However, unlike Andrew, we hold that, when the working class becomes more and more socialist in outlook, this will massively impact on the social climate in a way that will progressively diminish the strength and influence of the shrinking proportion of the population that still actively opposes socialism. By the time most people are socialist, you can bet that most of the rest of the population would be well on the way to becoming socialist themselves.
Finally, I cannot let Andrew get away with the nonsense he comes out with about food production. Where does he get the bizarre idea that I am suggesting “the peoples in the ‘advanced’ capitalist countries should as part of worldwide socialism have their own calorific intakes radically reduced to just above subsistence levels”? That’s ludicrous. On the contrary, I pointed out very clearly that already more than enough food is produced today to adequately meet the needs of everyone. Global output is 2,800 kcal per person per day. Global requirements per person is 2,200 kcal per person per day on average. Go figure.
The truth of the matter is that an enormous amount of food is simply wasted under capitalism - somewhere between 30% and 40%, and more than enough to banish hunger everywhere and completely. It’s the same with housing. There are four million empty houses in Spain, 15 million in the USA and over 60 million in China.
Capitalism´s structural waste is truly colossal. Most of the work we do today is completely socially useless and is only needed to keep the capitalist money economy ticking over on its own terms. All of this wasted labour and resources will be made instantly available to boost socially useful production, come socialism.
I think I’ve mentioned this point to Andrew at least two or three times before, but still he seems determined to ignore the argument and put the most pessimistic neo-Malthusian gloss on the prospects of socialism happening. I wonder why?
Robin Cox
SPGB
SPGB time
I note Andrew Northall’s lengthy response to the letter by Robin Cox about the interminable length of time it will take us to get anywhere near ‘full socialism’. Methinks Andrew - a former member of the SPGB himself - doth protest too much. This is evidenced also by the vehemence of his phraseology (“confused and confusing”, “breathtaking”, “exceptionally foolish”, “utter fantasy”, etc.). Well, I won’t attempt to compete for length or rhetoric, but I will try to make some salient points for him and other readers to consider.

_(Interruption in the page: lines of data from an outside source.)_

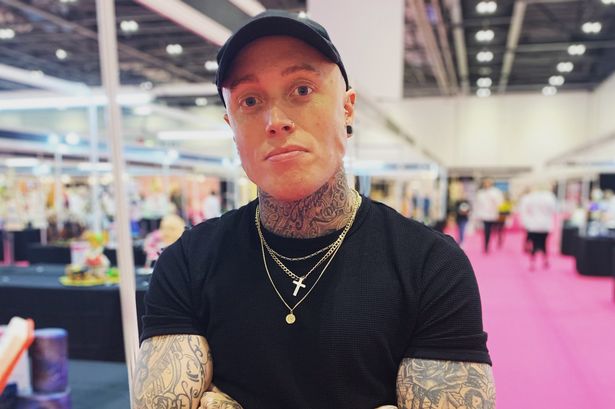 Resultado de imagen de ben cullen the baker king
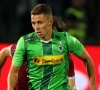 Thorgan Hazard s'offre un quadruplé en amical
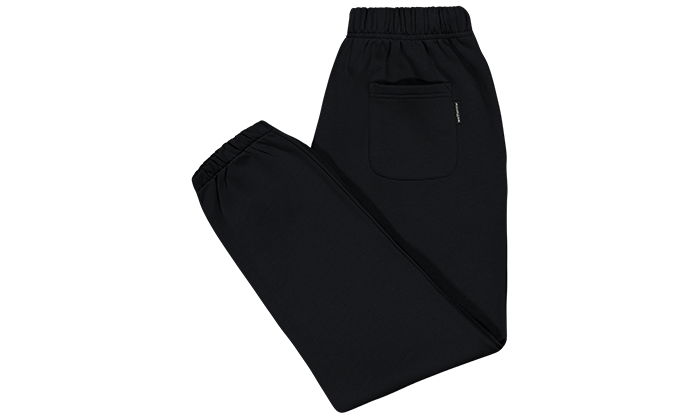 Wethenew Sweatpants L’Uniforme Black (2023)
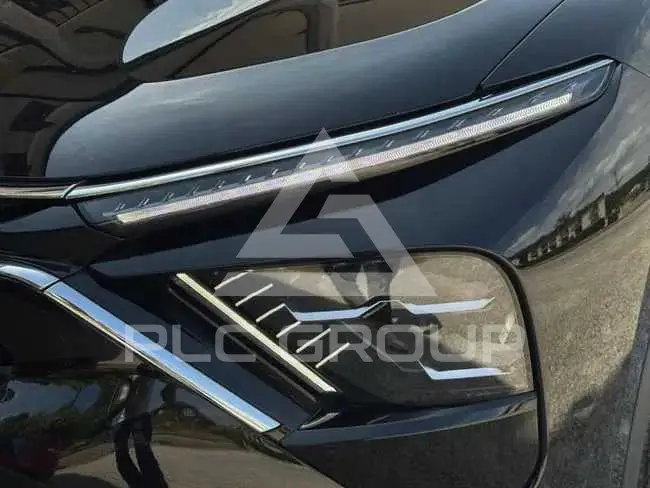 2023 Citroen C5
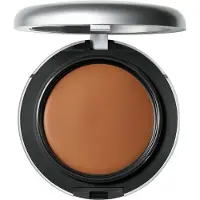 MAC Studio Fix Cream-to-Powder Foundation — fondotinta compatto in crema colore NC44 10 g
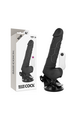 BASECOCK: Ultra-Realistic Vibrating Dildos Made in USA - Handcrafted Detail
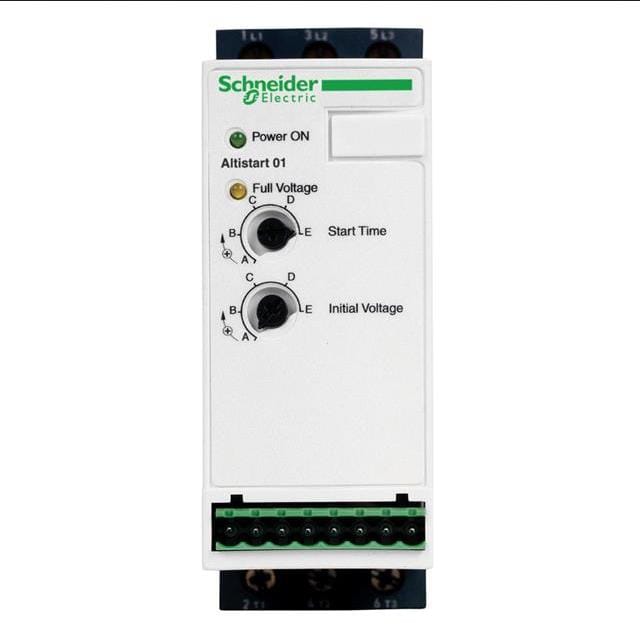 Schneider Electric 4008-ATS01N112FT-ND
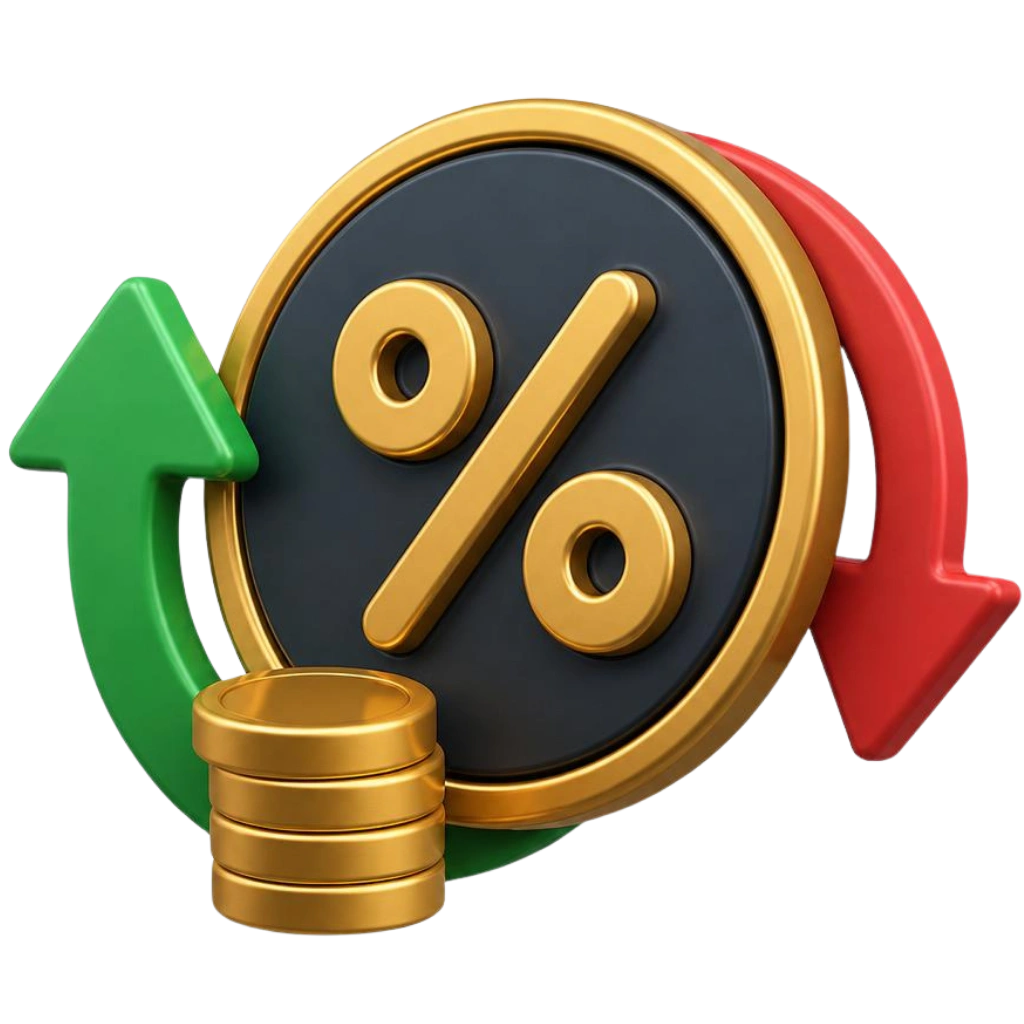 فاندینگ ریت LBank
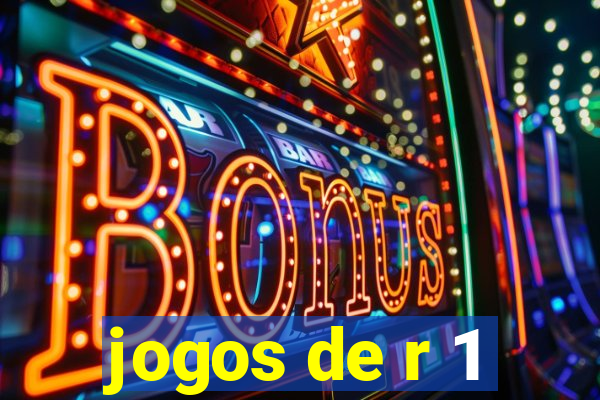 jogos de r 1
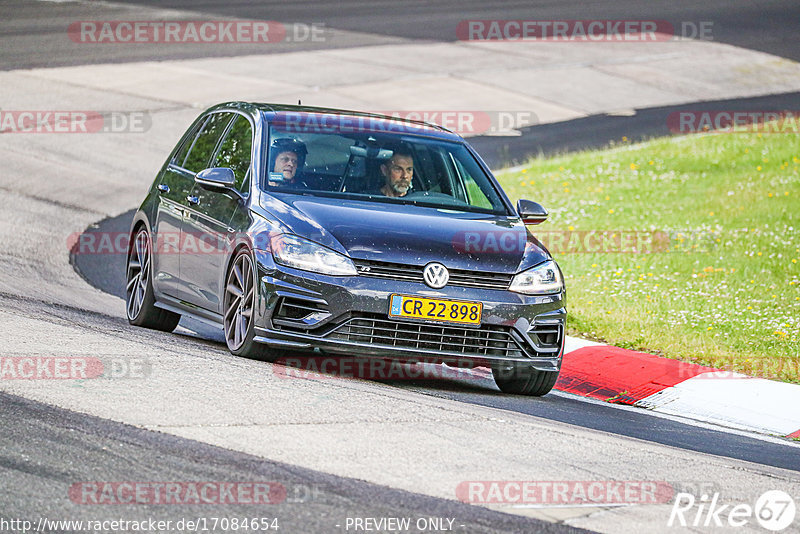 Bild #17084654 - Touristenfahrten Nürburgring Nordschleife (11.06.2022)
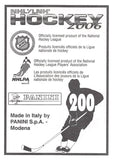 2005-06 PANINI STICKERS 200 MIIKKA KIPRUSOFF FLAMES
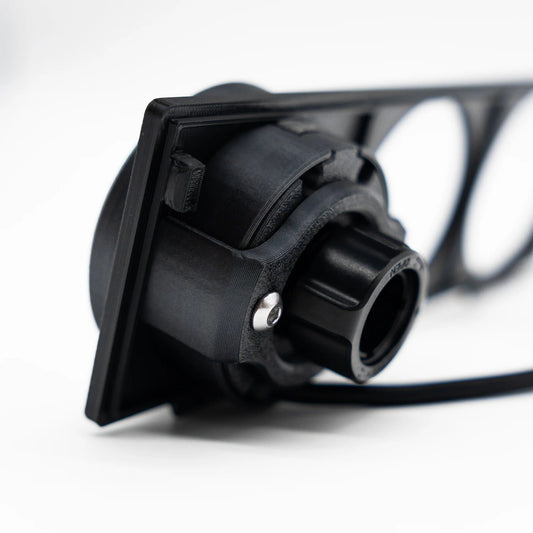 Universal Digital Gear Display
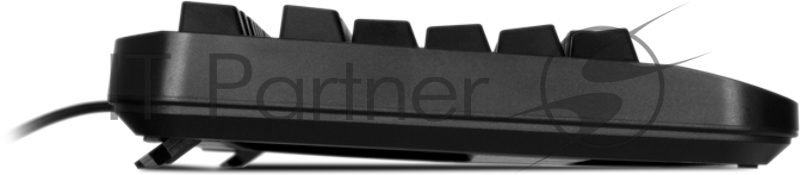 Игровая клавиатура SVEN KB-G8600 (110 кл, макросы, подсветка)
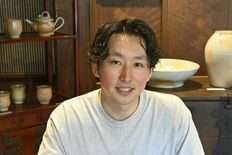 益子に行かずに「一生もの」と出会う 19~21日、渋谷・ヒカリエに期間…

Firstly, the established position of the SPGB is that we will need an overwhelming majority of workers to develop socialist consciousness before a socialist society can be established - not the “50%+1” Andrew says the party is looking for. This being the case, Andrew’s idea that “a recently deposed capitalist class and all of its supporters” would not give up “their vast wealth, privilege and power” without a fight, while not entirely unfeasible, is surely somewhat unlikely. After all, such a group would constitute a tiny minority, pitting themselves against a population with developed socialist consciousness and intent. But, if they did attempt what Andrew calls “recalcitrant actions”, one can only agree with him that force might have to be used to deter them.
Secondly, on the old story of the two stages of post-capitalist society (ie, a lower one called ‘socialism’, where the state, money, wages, etc will continue to exist, and a higher one called ‘communism’, where they won’t), as espoused by Lenin and repeated by Andrew, no warrant for that distinction exists in Marx, as others here have pointed out. To insist on such a distinction has the effect of pushing into some far-distant future the realisation of a classless, stateless society of democratic self-organisation and free and spontaneous access to goods and services.
Thirdly, key to Andrew’s conception is the notion that there simply won’t be enough to go round in the initial stages of socialism in order for free access and a comfortable existence to be available to everyone. He is critical of Robin’s reference to the Food and Agriculture Organisation’s figures on food sufficiency on grounds of practicality and distribution. But a plethora of sources conclude not just that enough is already being produced to satisfy everyone’s needs the world over at ‘advanced’ capitalist level, but that many times that could be produced, if it were not for the massive waste inherent in production for profit and the obstacles placed in the way of production by the market.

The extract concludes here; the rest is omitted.